How do you know if it will work or become a dangerous proposition? The reason it falls apart so often is actually an interesting one. In 2008, a study found that jealous people are actually more likely to get involved in a friends with benefits relationship than those who do not view themselves as a jealous person. As Psych Central explains, “Perhaps those having sex with a friend wonder how many other sexual partners their ‘friend’ has and want to feel that they are ‘special’ and ‘unique.’”

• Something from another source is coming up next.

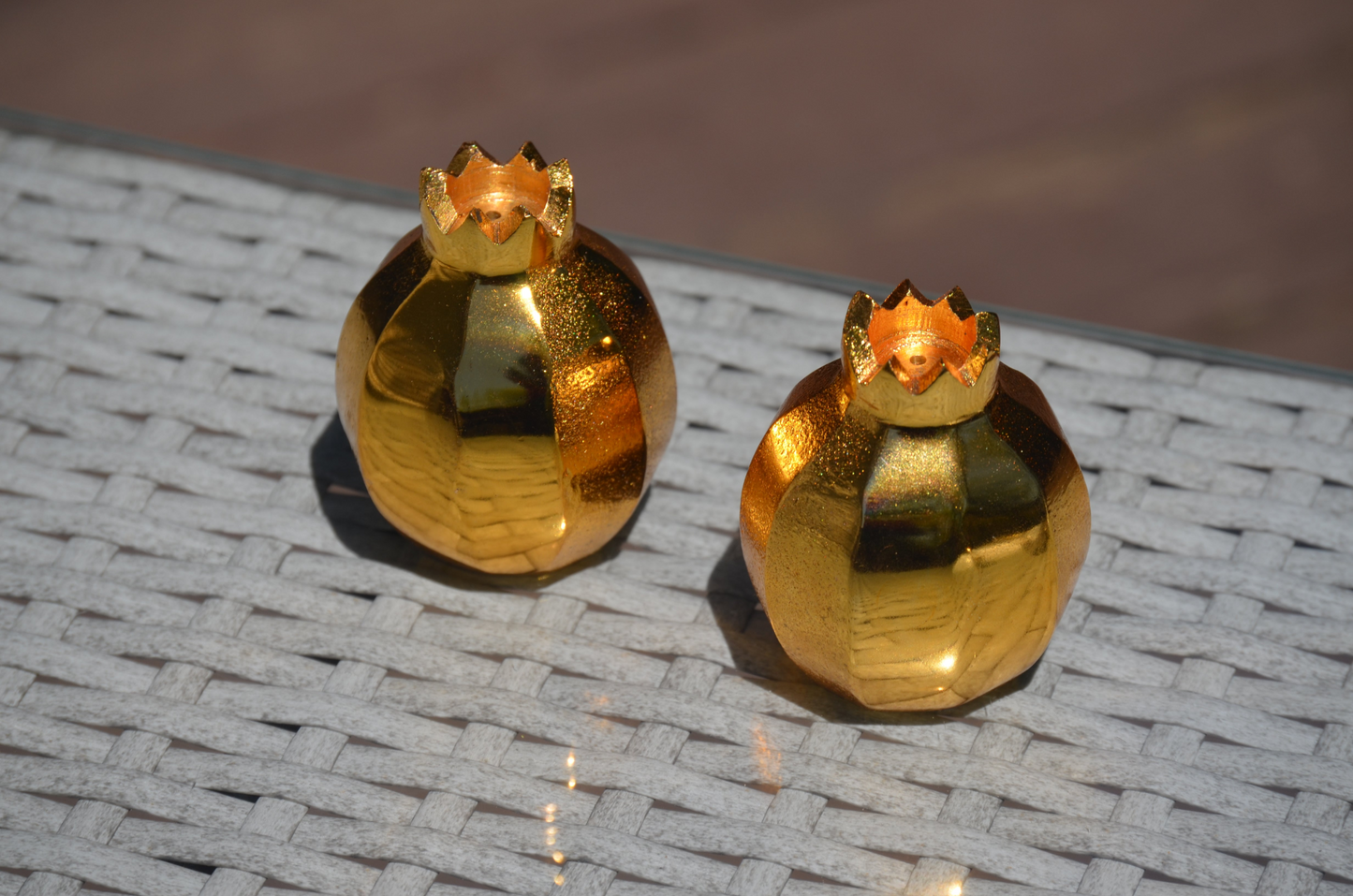 Golden Pomegranate Salt & Pepper Shakers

So, ultimately, does the friends with benefits relationship ever work out well? I think it depends entirely on the two people involved. Ironically, the most successful ones I’ve seen are between people who have dated, realized they don’t work as a couple, and then continued to enjoy a physical relationship until time or a new person brought it to a somewhat natural conclusion. On the other hand, I’ve also seen lots of instances of women lying to themselves about being comfortable with the situation while secretly holding onto hope for more.
After reading some of the studies out there, I think the golden rule is to ask yourself three questions before ever getting into that kind of relationship:
- How important is this friendship to you and are you willing to risk losing the friend if things go badly?
- Would you be upset if you learned the other person was sleeping with someone else? If that would bother you, then don’t get physical. And, in that case, you should also take a step back to examine what you want from your friendship with or without sex, since you typically shouldn’t be jealous over a platonic friend dating someone.
- What do you expect to get out of being friends with benefits? The answer should be nothing, other than some hopefully fun nights. If you’re expecting anything else, then you’re headed for disappointment.